The portraits feature accompanying texts by Tarun Tejpal and character profiles by Peter Griffin.
As a reality photographer, Rai has documented the lives and works of several powerful women. “But the two that I enjoyed clicking were Indira Gandhi and Mother Teresa.
“I think Indira Gandhi was the most powerful, vibrant, unpredictable and dangerously beautiful women I have ever seen,” said Rai, who has documented the lives of Indira Gandhi and Mother Teresa in pictorial volumes.
For women’s rights activist Urvashi Butalia, the publisher of Zubaan, “women represent different kinds of things”.
“If you look at the change happening in India, you will find women at different levels. There are organisations like SEWA, which is driving social and financial empowerment at the grassroots, the Kutch Mahila Sangathan that transformed the rural economy of the Kutch region in Gujarat, the women’s taxi service in Mumbai that has brought women on par with men in the male-dominated public transport network,” Butalia told IANS.

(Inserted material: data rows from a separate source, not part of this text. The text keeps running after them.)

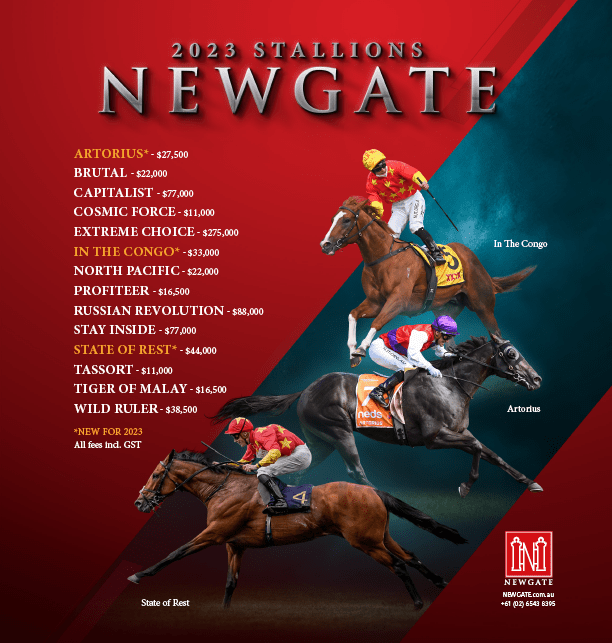 ❤️‍🔥 | <a href="/NewgateFarm/">Newgate</a> 2023

3 x new stallions 🌟

A superstar list 👊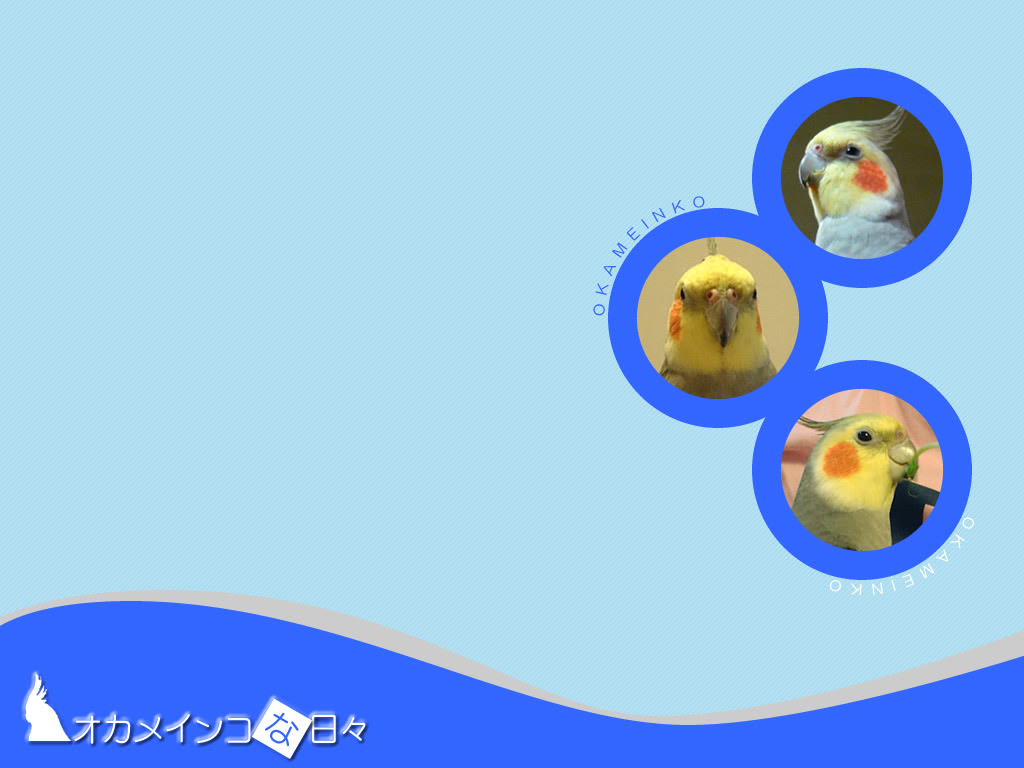オカメインコな日々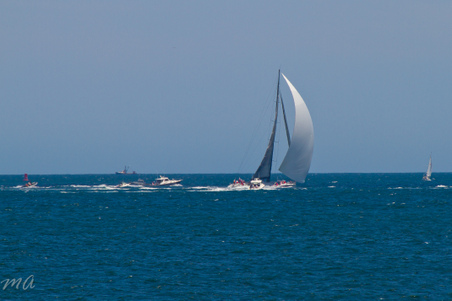 Enlarge photo 378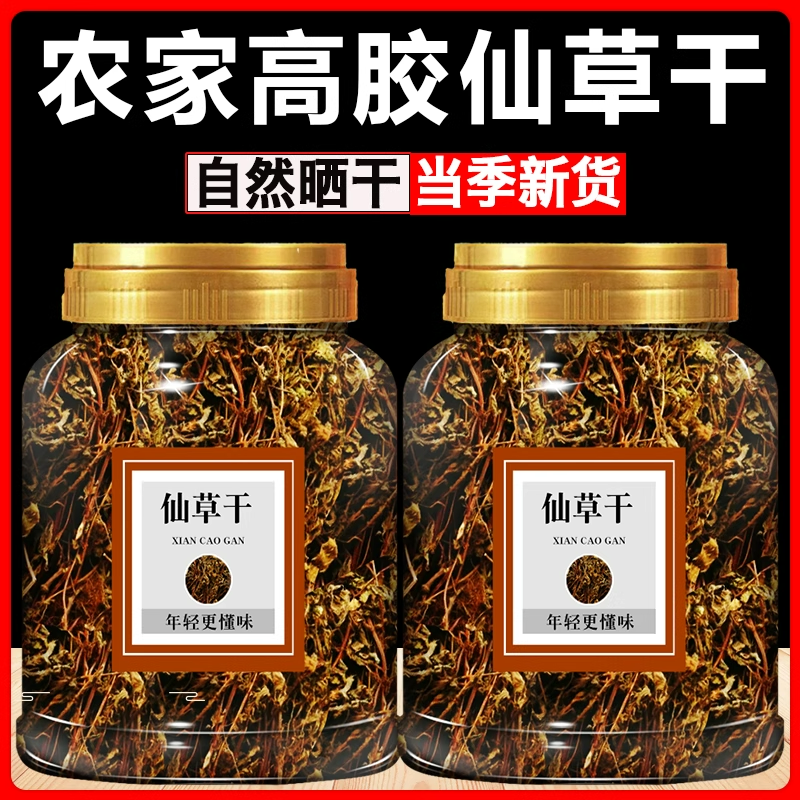 高胶质仙草干草叶新鲜仙人草龟苓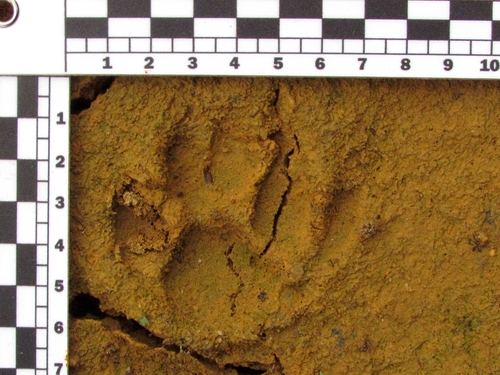 African Golden Cat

“Look at the Infosys campus… the way women are being involved at every level. My book wanted to document what was happening – whether women were managing to improve things for themselves,” said Butalia, who has been spearheading women’s publishing movement.
Women’s power has wide connotations.
“Our idea of conventional achievers are those women who grab the limelight with their work. But there are thousand of silent women who are changing the system at the grassroots and in everyday life. They should be brought to the mainstream,” curator Alka Pande told IANS.